Any sun soaks you in warm syrupy attention
while nudging you towards the door
tells you she is yours real until
bruises become nightfall

Winds open. It's a hoax.
They close like a bridle.


_





Monday, March 11, 2013

Snatch Dispatches

Big A and I went to see a student production of The Vagina Monologues this weekend. It was an amazing production with student-scripted passages and made even better because we were sitting with  two of my work friends who were seeing it for the first time.

What happened: Big A and friends were talking about how they'd read excerpts of The Vagina Monologues before but hadn't really caught the show.

What I dreamed that night: That Big A was telling my friends that he'd read "snatches"of The Vagina Monologues before.

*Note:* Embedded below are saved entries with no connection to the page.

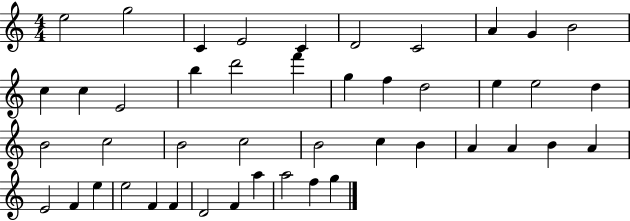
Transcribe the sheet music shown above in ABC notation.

X:1
T:Untitled
M:4/4
L:1/4
K:C
e2 g2 C E2 C D2 C2 A G B2 c c E2 b d'2 f' g f d2 e e2 d B2 c2 B2 c2 B2 c B A A B A E2 F e e2 F F D2 F a a2 f g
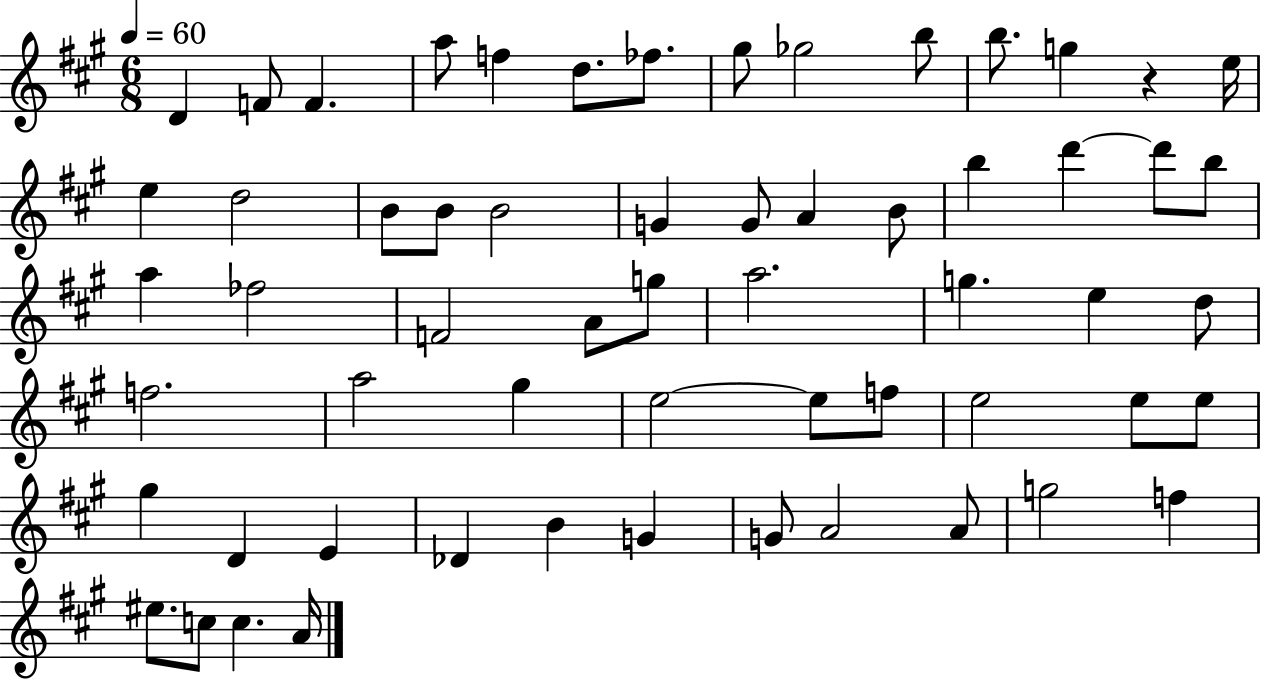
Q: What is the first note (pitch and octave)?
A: D4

I nearly peed myself from laughing.

_

Sunday, March 10, 2013

Vignette

Invisibility
Stands at the street corner
begging from indifference

Lightness
is her weight bearing
down the breath in my chest

_


Tuesday, February 12, 2013

Mine to Change (Cha-ching)

Nu likes to belt out Metric's Breathing Underwater,  warbling away, all five years old and angsty, substituting her own words at will--including making "mine to change" into "Cha-Ching." Yes, we think she's enormously cute.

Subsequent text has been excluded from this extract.